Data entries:
= Beginning of Section =

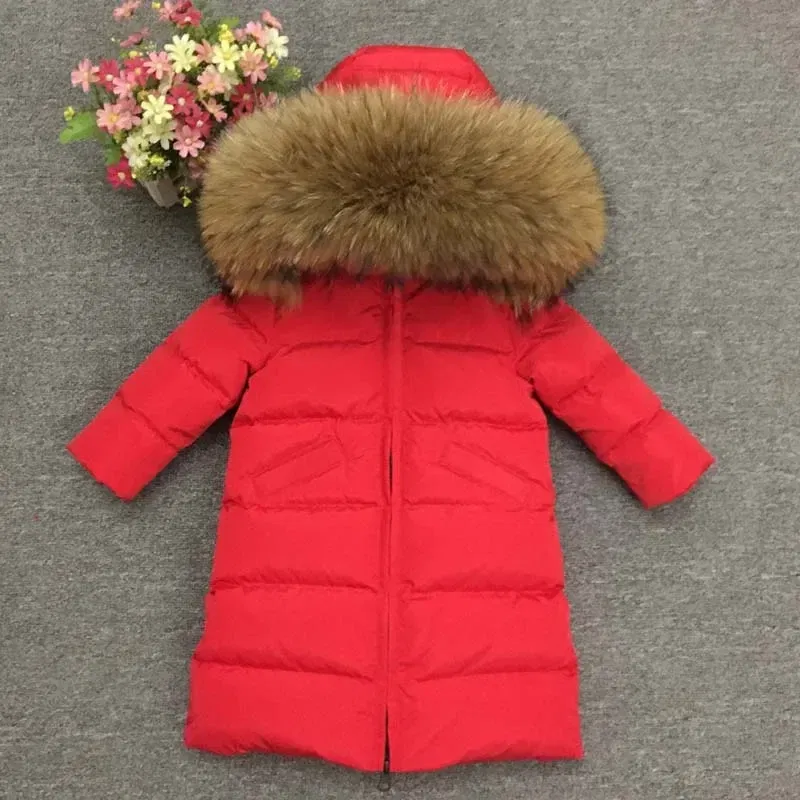 Color: Ivory, Kid Size: 2T - Children Girl boy Winter real fur thickened down jackets 90 down Long Coat jacket overcoat baby kids clothing -30 outwear ws1245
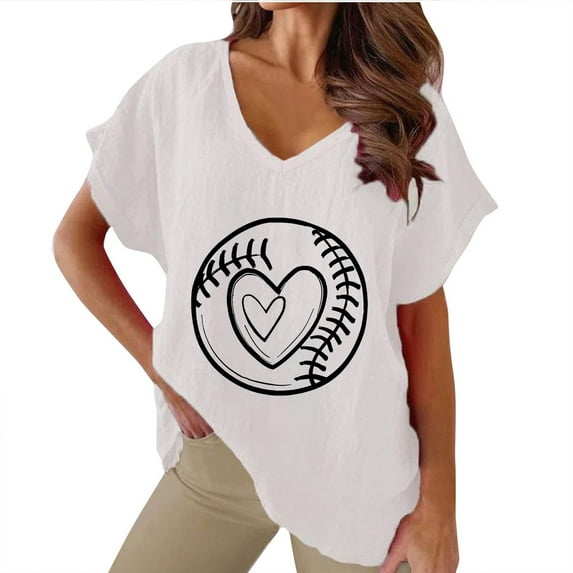 Summer Casual Linen Tops for Women July 4th Print Oversized Fit V Neck Short Sleeve T Shirts Loose Festive Tees (Large, White 03)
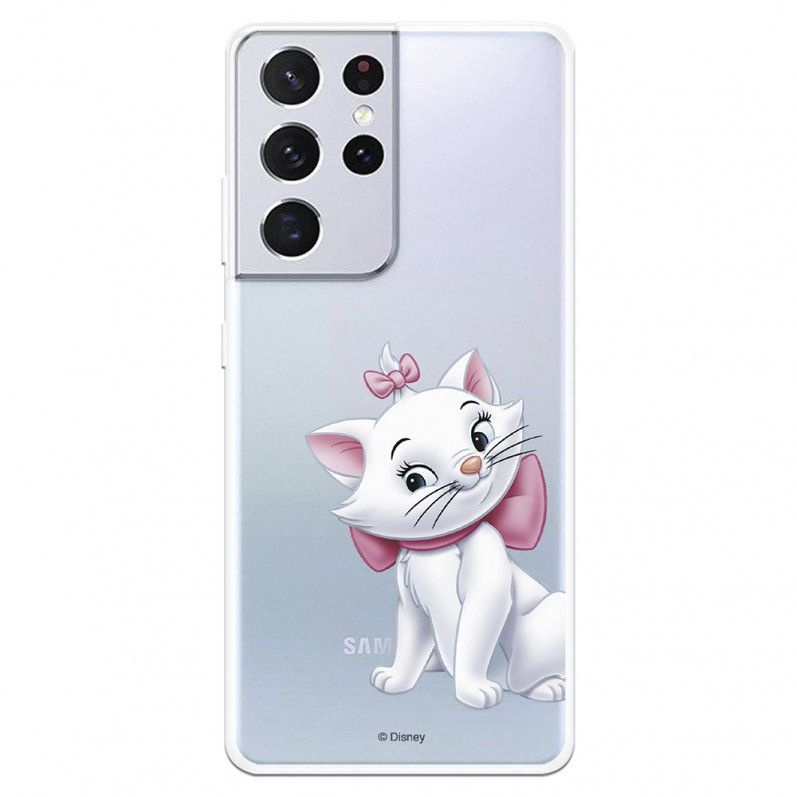 Funda para Samsung Galaxy S21 Ultra Oficial de Disney Marie Silueta - Los Aristogatos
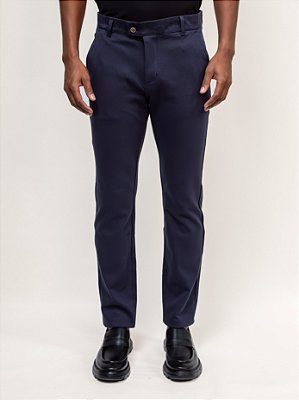 Calça Alfaiataria de Malha Slim Ville de France Marinho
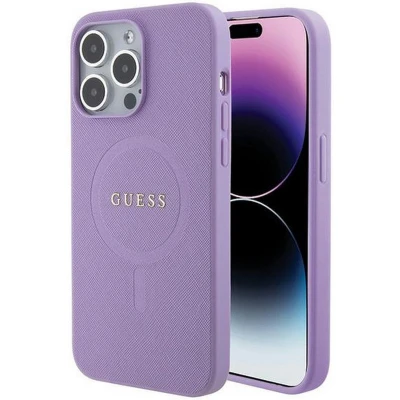 Afbeelding van Guess Saffiano Back Case (MagSafe Compatible) Geschikt voor Apple iPhone 15 Pro (6.1&quot;) Paars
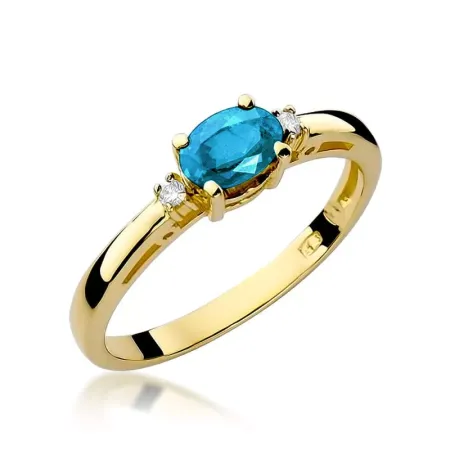 Pierścionek 585 Topaz Diamenty Białe Złoto Grawer Pierścionek 585 Topaz Diamenty Białe Złoto Grawer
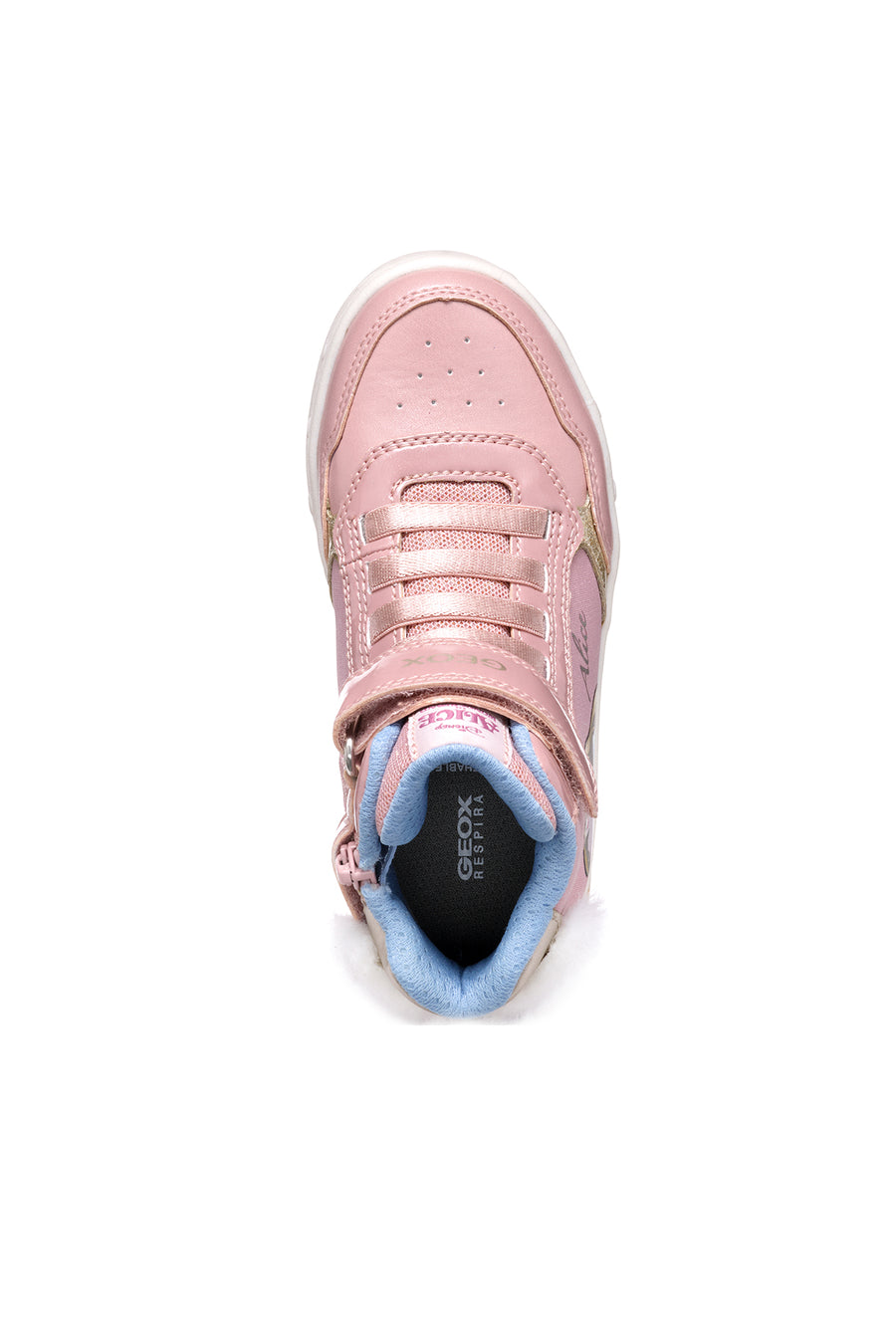 Geox Girl Pink Skylin Banded Patterned Ankle Sneaker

= End of Section =

**PROMPT:**
Only exact duplicates of the lines from the one containing "Calça Alfaiataria de" through the final line of the entries, both included, are needed, with pictures left out.

**ANSWER TO THIS PROBLEM:**
 Calça Alfaiataria de Malha Slim Ville de France Marinho
 Afbeelding van Guess Saffiano Back Case (MagSafe Compatible) Geschikt voor Apple iPhone 15 Pro (6.1&quot;) Paars
 Pierścionek 585 Topaz Diamenty Białe Złoto Grawer Pierścionek 585 Topaz Diamenty Białe Złoto Grawer
 Geox Girl Pink Skylin Banded Patterned Ankle Sneaker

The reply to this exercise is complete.